The nearly decade-old neighborhood restaurant, which debuted its build-your-own-meatball-based meals in 2010 on Manhattan’s Lower East Side and has since sprinkled five additional outposts across the city, is taking over the space formerly occupied by recently relocated Cork (1720 14th Street NW).
Meatball Shop CEO Adam Rosenbaum tells Eater the burgeoning restaurant group is excited about introducing its brand of “choose-your-own-adventure”-style dining — his recommendation for a can’t-miss-meal: spicy pork meatballs with spicy meat sauce served over polenta — to the District this June, but remains mindful of not going overboard.
“For us it’s important not to be this New York institution that comes in and says, ‘We’re gonna show you how to make meatballs the right way,’” Rosenbaum notes.
D.C. has had some experience with the saucy spheres; fast-casual Penn Quarter restaurant Meatballs flamed out after just a few short months back in 2012.
While the core menu at D.C.’s inaugural Meatball Shop is expected to mimic its siblings — Meatball Shop offers the same food at lunch and dinner, but did roll out additional brunch selections in late 2017 — Rosenbaum says the team is working on incorporating locally produced beer, wine, and spirits into its bar here. He adds that regional specialties such as blue crab could join the dining rotation. “There will be something,” Rosenbaum says. The culinary team is already working on a new black bean-based meatball option as well; the vegetarian meatball currently offered is made with lentils.
Rosenbaum says he looked all around the District for Meatball Shop’s new home. He ultimately chose trendy 14th Street NW both because of its vibrant nightlife and the limited lunch options.
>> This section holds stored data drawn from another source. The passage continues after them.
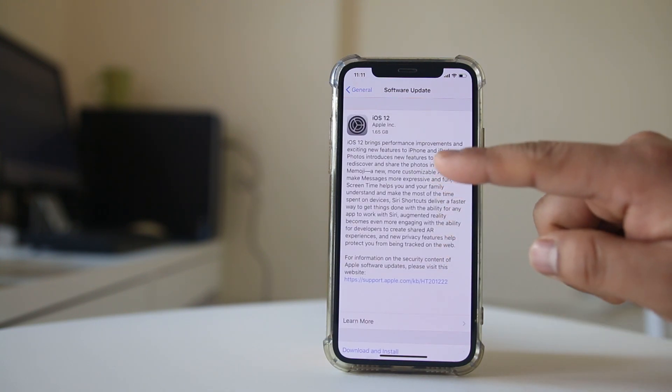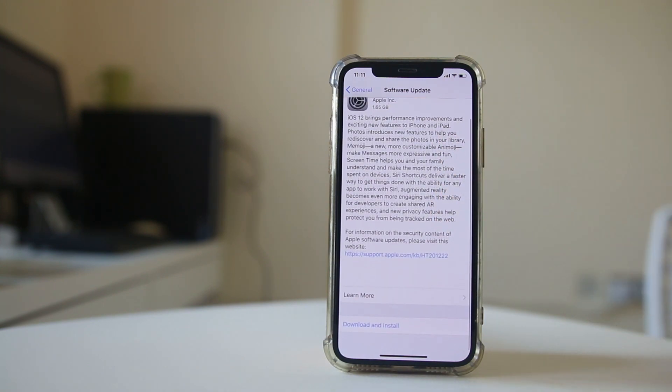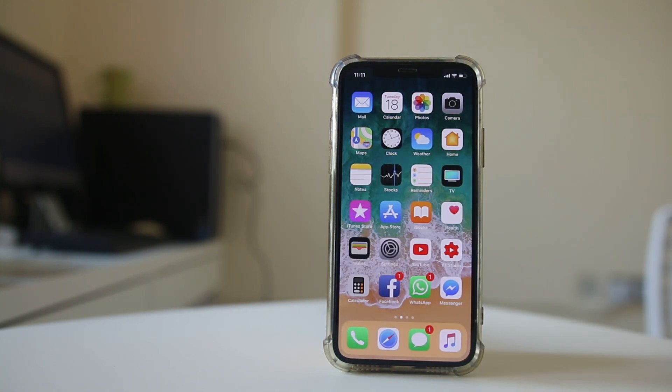Right now I have an iOS 12 update which is ready to be downloaded and installed. If nothing fixes the issue, then the last option for you is to format your iPhone.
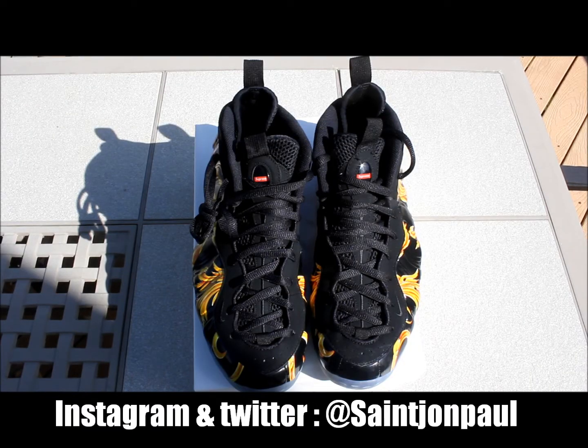Hello YouTube, it's John Paul here bringing you a quick overview of the Nike Air Foamposite 1 Supreme in the black colorway. The official colorway is black and metallic gold. I got these in a size 11.5, which is my true size. Suggested retail price is $250, and when ordering from Supreme make sure you take into account the standard flat rate shipping charge of $10. Anyway, let's dive into the shoe.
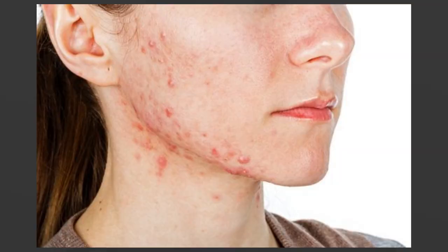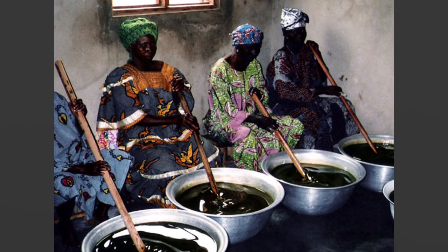African black soap is known as a miracle cure for acne, eczema, basically any skin issue — dry skin, too oily skin — it'll cure and balance everything out. For a long time I mistakenly thought it was made from activated charcoal because of its color, but African black soap is actually made in West Africa, usually Ghana and surrounding areas.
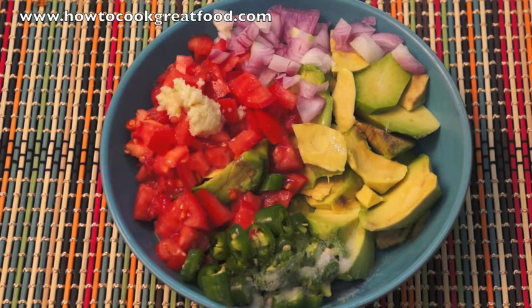In the bowl I've got some chopped tomatoes, a little bit of chopped onion, and some fresh jalapeños — they're not so hot but they're still chilly.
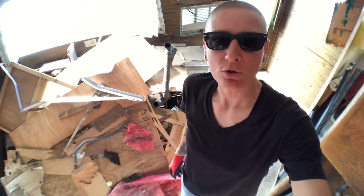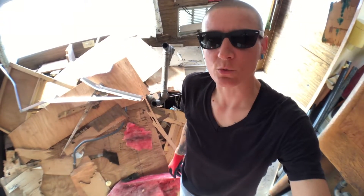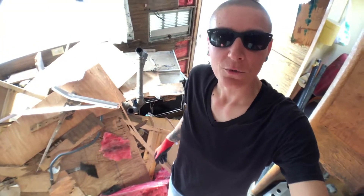Bulk trash pickup day is next weekend, but I get to get this pile of crap out of here this weekend. Here we go.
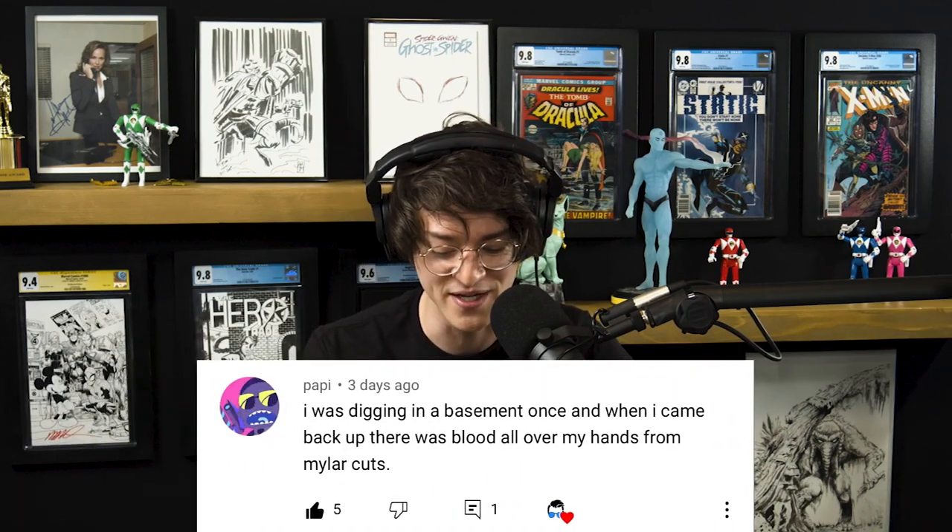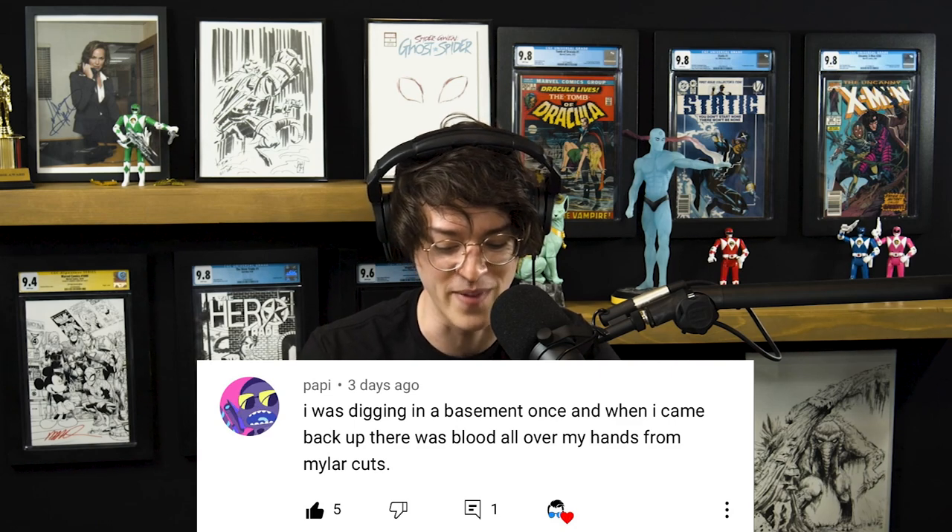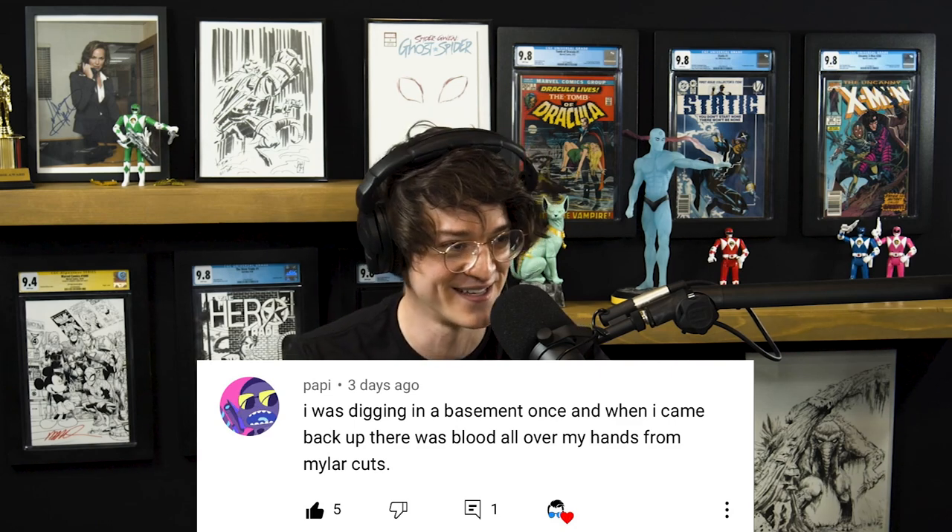This was from Poppy — the commenter's name was Poppy in the community — and he posted a comment I wanted to bring to yours and the community's attention. He says, 'I was digging in a basement once and when I came back up there was blood all over my hands from mylar cuts.' How real is that?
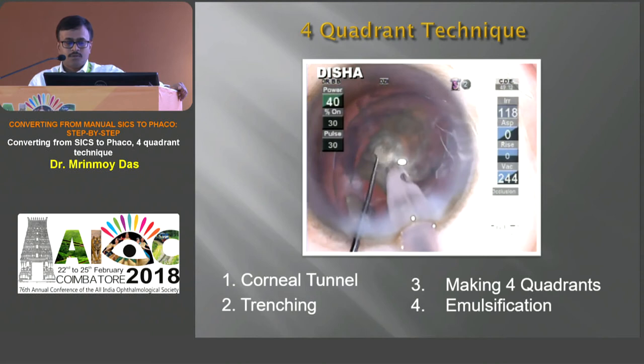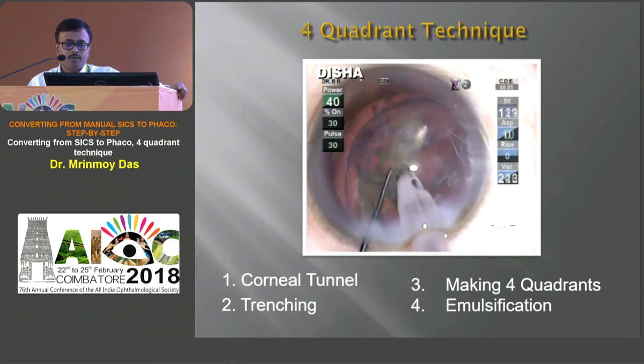After that you can take out the epinucleus in epinuclear mode very easily.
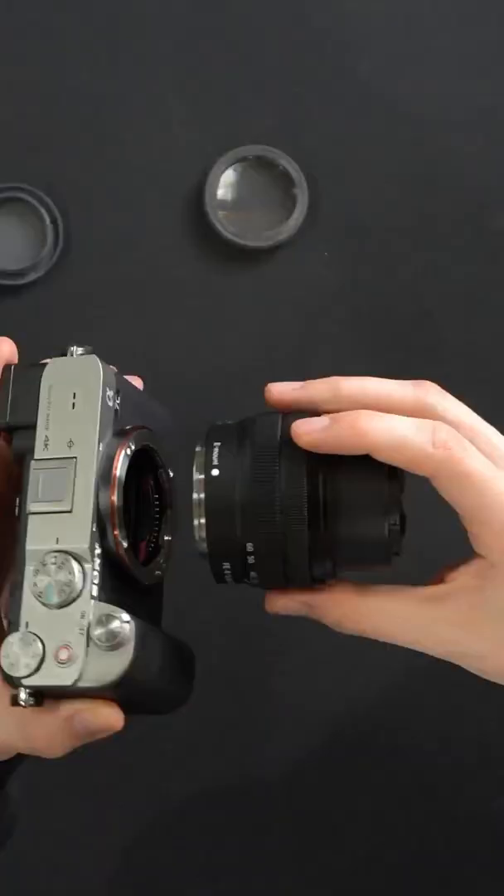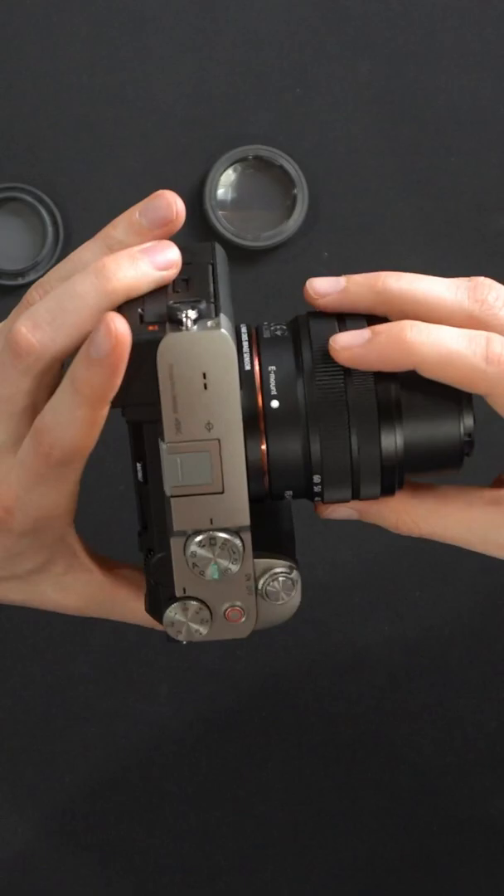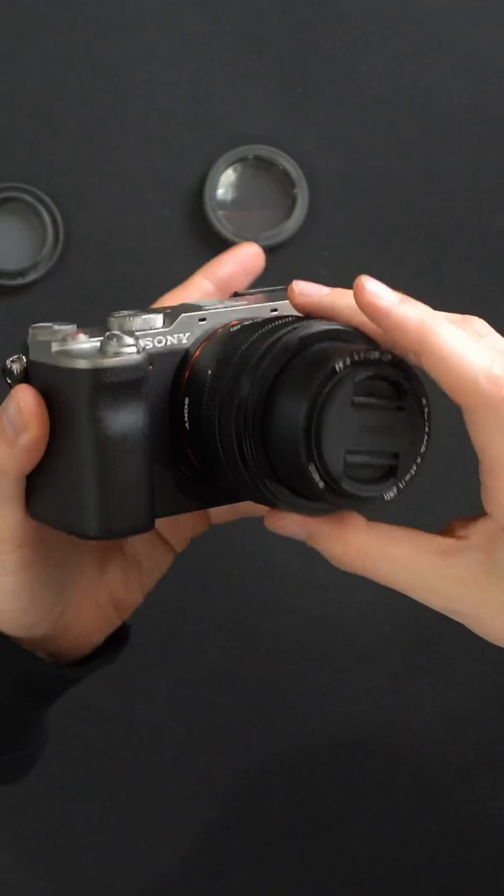Just line them up to the best of your abilities right here. You can see it just gently slides right in, and just twist it to the right until you hear it snap into place. So now you're looking at some sample 4K video at 30 frames per second with our Sony A7C.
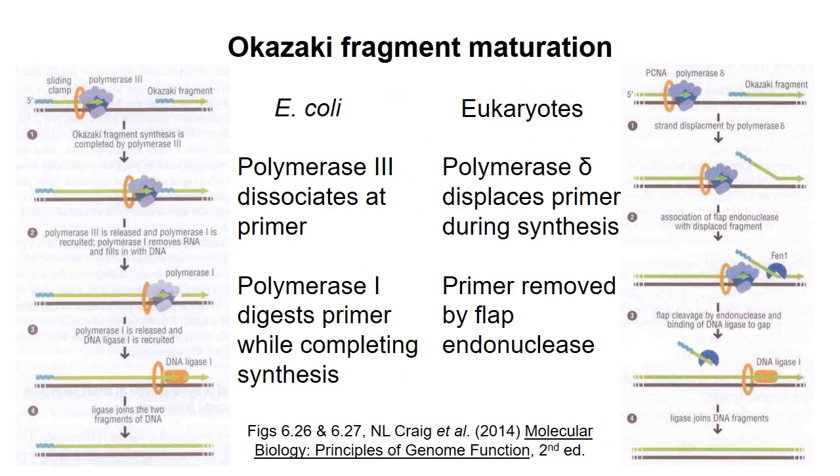These diagrams summarize the process of Okazaki fragment maturation in E. coli and in eukaryotes. In E. coli, the replicative DNA polymerase, polymerase 3, dissociates from the template when it reaches an RNA primer. DNA polymerase 1, which is also used in DNA repair, replaces pol3 at the replisome. Pol1 has a 5' to 3' exonuclease activity, which it uses to digest the primer while synthesizing DNA to replace it. Eventually the polymerase dissociates, leaving behind double-stranded DNA with a nick in the newly synthesized strand, and this nick is sealed by DNA ligase.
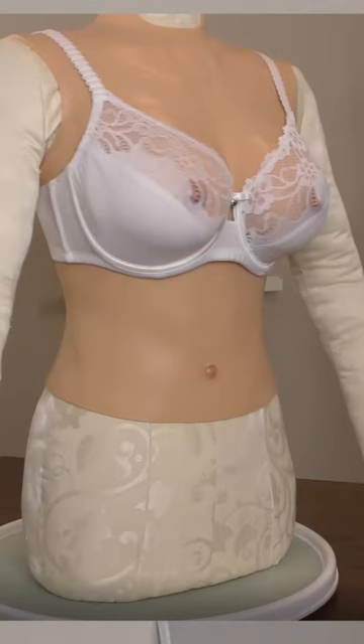Measuring bust circumference. For successful measurement, a woman with a big bust should be wearing an unpadded, light bra. If this is the case, identifying the correct cup size will not be a problem.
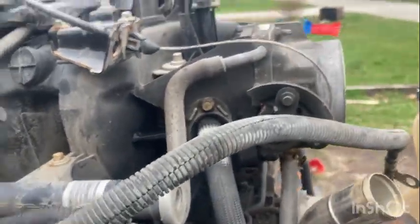I bought this for like 200 bucks — not bad. I gotta block off the EGR because that looks stupid and I don't like it at all. I think I have an intake over there that might work.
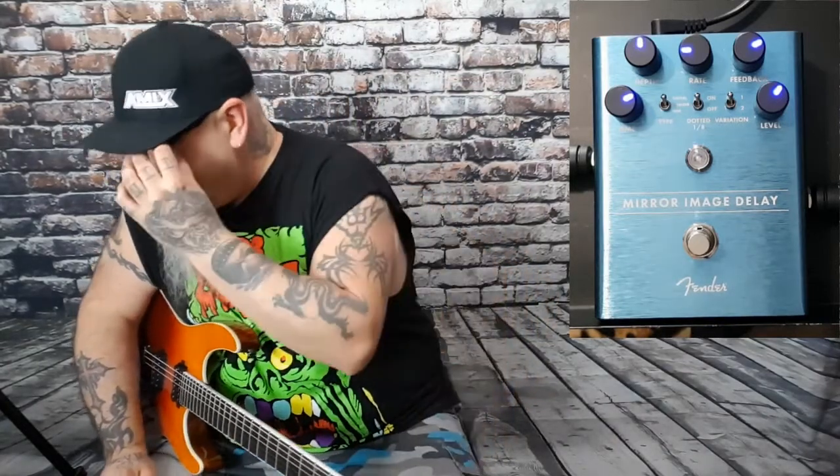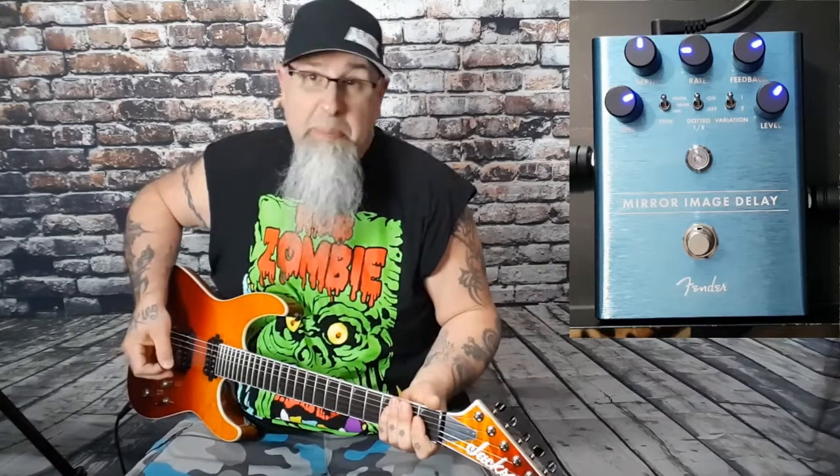So of course you can see we've got the time, we've got level, feedback, rate, and in the top corner there is the depth — so how deep you want your delay to go. You've got some switches: on/off for your dotted, you've got type, and you've got your variation from one and two. Unfortunately when you get older these little switches all over the place kind of defeats the purpose, but anyway let's try it and experiment.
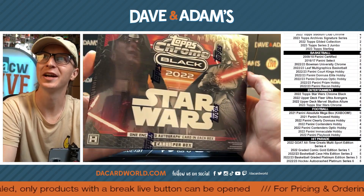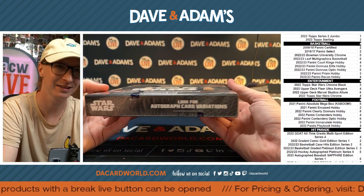Here we go for comic pro. We got the Star Wars chrome black. We want a nice auto.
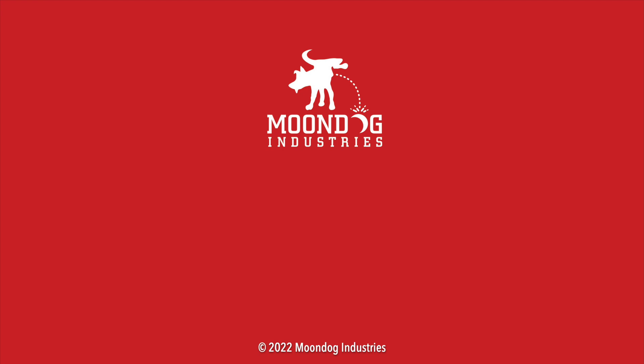If you enjoyed this video, please share it on forums, Facebook, Reddit, TikTok, Instagram, Twitter, MeWe, or whatever social media you're on. And if you want to see all of my videos, check out MoondogIndustries.com.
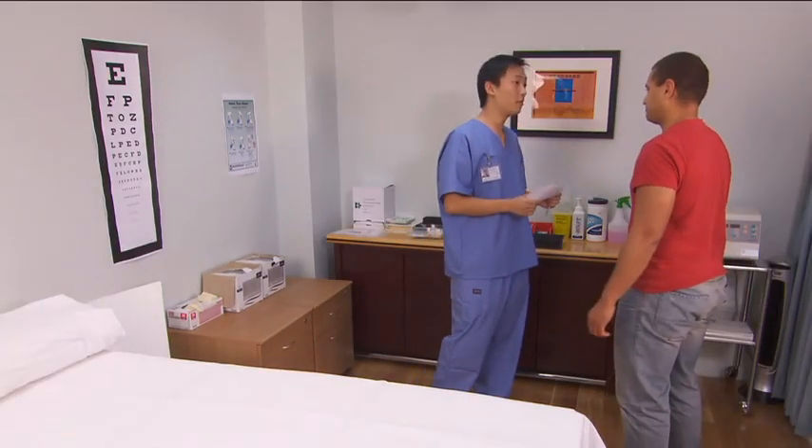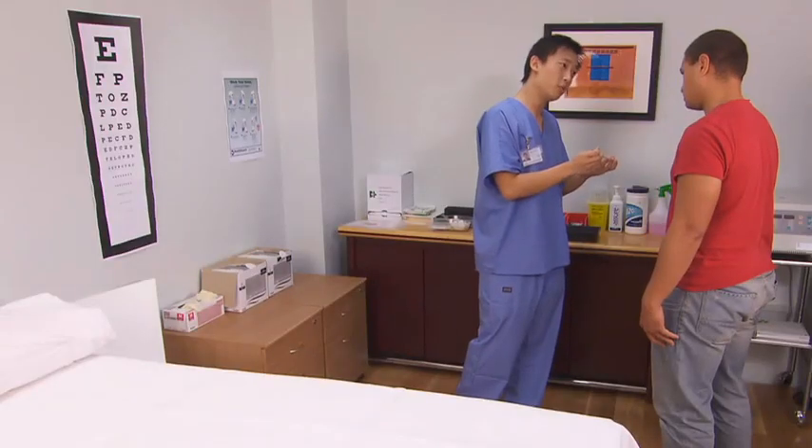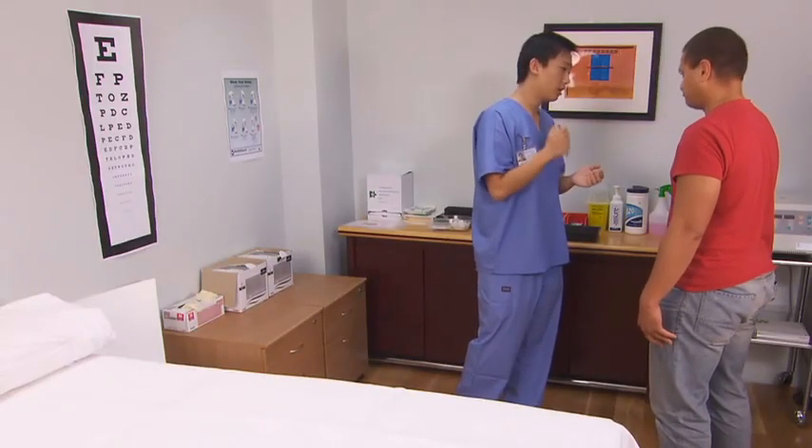Confirm the patient details, explain the procedure, and address any concerns. Let the patient know that there may be some discomfort and obtain verbal consent before beginning the procedure.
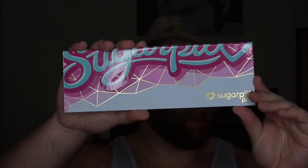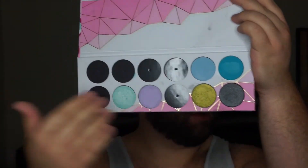My face is done — I did some bronzer, highlight, all that fun stuff. Now we're finally going in with the Sugarpill Pro palette. It's a magnetic palette so I've taken out the colors I'm using today. As usual I'm going in with MAC Soft Ochre Paint Pot to prime the lids.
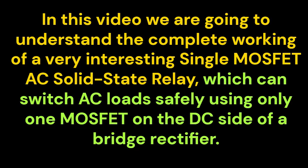In this video we are going to understand the complete working of a very interesting single MOSFET AC solid-state relay, which can switch AC loads safely using only one MOSFET on the DC side of a bridge rectifier.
He said Meatball Shop plans to fill that void by providing sit-down lunch service — along with happy hour, dinner, late-night dining, and weekend brunch — that can be as quick or as leisurely as a visiting diner wants it to be. “We feel like there’s a need for something like that in that area” he says.
Rosenbaum’s hunt led him to potential spots in Georgetown, Penn Quarter, Adams Morgan, and the evolving area surrounding Union Market — landing pads he’s keeping in his mental Rolodex.
“Obviously the D.C. market could support more than one Meatball Shop,” he says, leaving the door open to future growth opportunities. “But for us, it’s not footprint and expansion. That’s not our model.”
The D.C. Meatball Shop is projected to operate seven days a week.